Мое сердце забилось чуть-чуть быстрее, когда я смотрела на них – на птиц и на окружающее их пространство.
Росла я наособицу, дожидаясь, пока мир притихнет, выстроившись вокруг какого-то связного сюжета. Я выросла отшельницей, потому что я единственный ребенок в семье немолодых иммигрантов, которые сбежали из своих стран – она из одной, он из другой – на континент, где у них не было родственников, отчеркнули поперечной чертой прошлый этап своих биографий, устроились на этой земле, как два растения в горшках, а не как деревья, пускающие корни в почву. Я выросла отшельницей, потому что я писатель и мое ремесло требует, чтобы я от всех держалась поодаль. Не это ли увидела я в пространстве, окружавшем птиц? Собственное отшельничество?

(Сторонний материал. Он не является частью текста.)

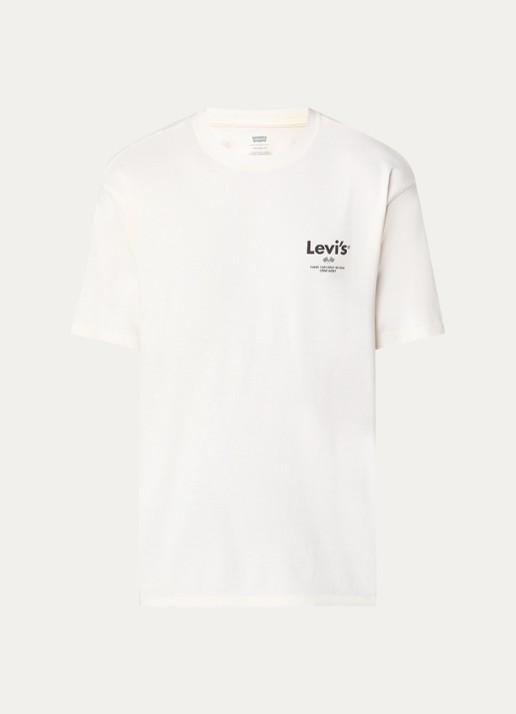 Levi's T-shirt met logo- en backprint - voorkant 2 gebroken wit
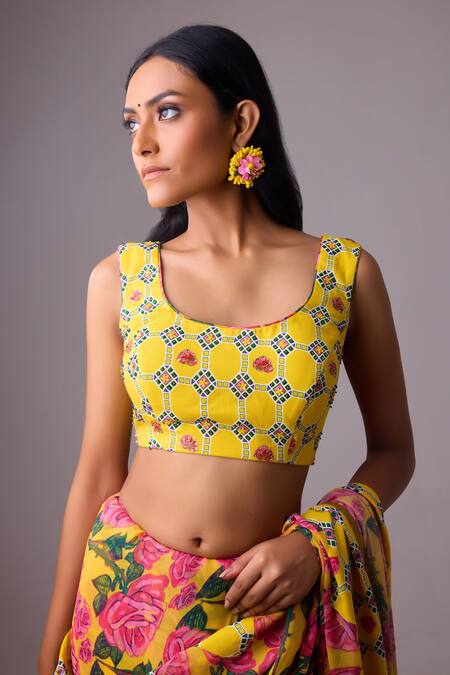 Nikasha Yellow Georgette, Rayon Tassels, Diamonds Phool Bagh Print Saree With Blouse at Aza Fashions Nikasha_Yellow Georgette, Rayon Tassels, Diamonds Phool Bagh Print Saree With Blouse _at_Aza_Fashions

Я разыскала музыканта и договорилась об орнитологической прогулке. Мне хотелось впасть в экстаз и почувствовать, что я еще не глуха к вдохновению. Я не воображала, что природа – мой личный Лурд[5], целительный оазис посреди цивилизации.
Но, может, все-таки воображала.
– Здрасьте? – произнес музыкант, бросаясь ко мне вприпрыжку, с тяжелым фотоаппаратом на шее, плотно сложенный, тепло закутанный: несколько слоев одежек, и всё коричневое и шерстяное.
– Здрасьте? – ответила я, тоже с вопросительной интонацией.
В это холодное, но погожее декабрьское утро я стояла, выдыхая маленькие облака, у большого утиного пруда. Мимо, по дорожке, шли люди с собаками. По мелководью мимо нас брели утки.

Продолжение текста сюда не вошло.